Мона, не дожидаясь, пока разговор пойдет на повышенных тонах, выскользнула из-за стола.

– Мона, – догнал ее Архаров, – Мона …Так! В Детский мир я с тобой не поеду, – орал Архаров ровно через 15 минут, – как ты себе это представляешь? Я тебе буду бантики покупать? Тетрадки? Ты в своем уме?

– Саш, – Мона хохотала, – Саш! Ну, какие бантики? Ну, мне, правда, нужны тетрадки, я ж в школе еще учусь! Я большая девочка!

– Не поеду. Все, – Архаров сел в машину, – давай к Ревазу махнем, в ресторан? Потом мне на «Госфильм» к Давидяну, так… у нас футбол еще, вот – пока я буду у Давидяна, съездишь за своими бантиками, идет? Такси возьмешь, ясно? – И Мона, не в силах сопротивляться прекрасному августовскому дню и серым Архаровским глазам, открыла дверцу машины.

Глава 2

Кафе со скромной вывеской «Привет» смело можно было бы назвать красивым грузинским именем, скажем, Шаво Мерцхало, – «Черная ласточка». Но… выбор в СССР был скромный.
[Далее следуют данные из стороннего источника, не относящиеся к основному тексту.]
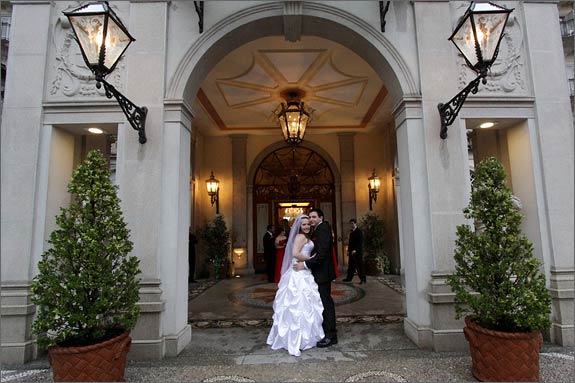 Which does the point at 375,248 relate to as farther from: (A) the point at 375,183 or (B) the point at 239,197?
(B) the point at 239,197

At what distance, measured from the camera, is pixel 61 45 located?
4344 millimetres

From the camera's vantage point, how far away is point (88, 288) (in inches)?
118

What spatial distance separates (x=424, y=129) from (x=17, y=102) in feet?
17.5

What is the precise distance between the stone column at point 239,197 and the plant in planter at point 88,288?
25.5 ft

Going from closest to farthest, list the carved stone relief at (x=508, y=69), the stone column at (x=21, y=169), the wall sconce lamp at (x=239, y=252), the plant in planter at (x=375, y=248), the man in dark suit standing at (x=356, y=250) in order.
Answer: the stone column at (x=21, y=169) < the carved stone relief at (x=508, y=69) < the man in dark suit standing at (x=356, y=250) < the plant in planter at (x=375, y=248) < the wall sconce lamp at (x=239, y=252)

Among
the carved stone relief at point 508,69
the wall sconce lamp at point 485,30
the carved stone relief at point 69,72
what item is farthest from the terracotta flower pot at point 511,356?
the carved stone relief at point 69,72

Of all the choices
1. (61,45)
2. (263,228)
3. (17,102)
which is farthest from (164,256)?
(263,228)

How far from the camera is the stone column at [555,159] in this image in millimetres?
4039

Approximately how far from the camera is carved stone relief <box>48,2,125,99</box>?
4258 millimetres

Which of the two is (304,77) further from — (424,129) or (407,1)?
(424,129)

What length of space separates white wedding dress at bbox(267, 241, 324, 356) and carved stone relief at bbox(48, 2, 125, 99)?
3.49m

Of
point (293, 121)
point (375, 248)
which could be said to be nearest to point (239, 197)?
point (375, 248)

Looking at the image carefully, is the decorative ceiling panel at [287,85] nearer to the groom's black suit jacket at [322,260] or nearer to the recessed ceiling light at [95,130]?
the recessed ceiling light at [95,130]

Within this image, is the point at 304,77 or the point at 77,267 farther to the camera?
the point at 304,77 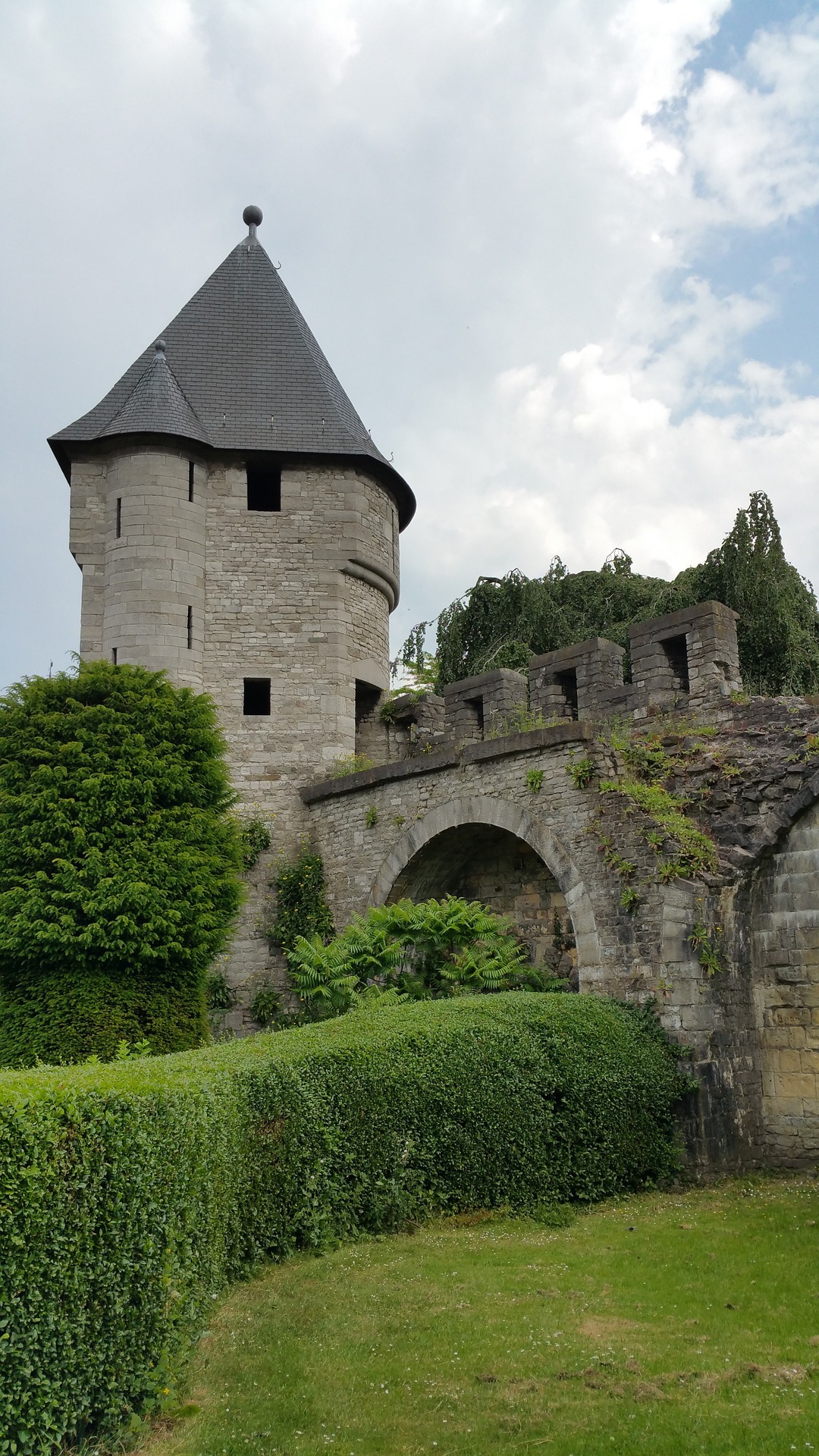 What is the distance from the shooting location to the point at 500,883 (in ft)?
42.0

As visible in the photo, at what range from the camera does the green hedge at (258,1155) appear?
14.4 ft

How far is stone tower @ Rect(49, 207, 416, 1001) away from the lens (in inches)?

Впрочем, внутри было так хорошо, и так гостеприимен был хозяин Реваз, и так великолепна грузинская кухня, что в это кафе, расположенное рядом с железнодорожной станцией Кулебякино, приезжали те, кого Реваз называл своими друзьями – актеры, художники, врачи, музыканты, – московская интеллигенция, и особо – альпинисты и горнолыжники. На скромных деревянных столах, крытых невзрачной клеенкой, дымилась чахиртма в общепитовских тарелках, а для хорошо выпивших накануне – хаши в глубоких чашах. Зелень! Ах, какая зелень была на столах Реваза! Мог ли вынести нос такое благоухание? Кинза, базилик, тархун, петрушка, цицмати соседствовали с сулугуни и надуги. А бадриджани и лобио подавали такое же, как и в кафе у подножия горы Джвари. Даже те, кто прежде знал лишь шашлык и цыплят табака, открывал у Реваза такие гастрономические изыски, что произносил «сациви» и «хинкали», закатывая глаза и цокая языком. Хачапури у Реваза дышали и таяли даже на тарелке, и мегрельские, и имеритинские – и запивали их «Хванчакорой» и «Мукузани», и шипело «Боржоми» в потных бутылках, и прозрачная чача делала городских московских мужчин настоящими – мужчинами.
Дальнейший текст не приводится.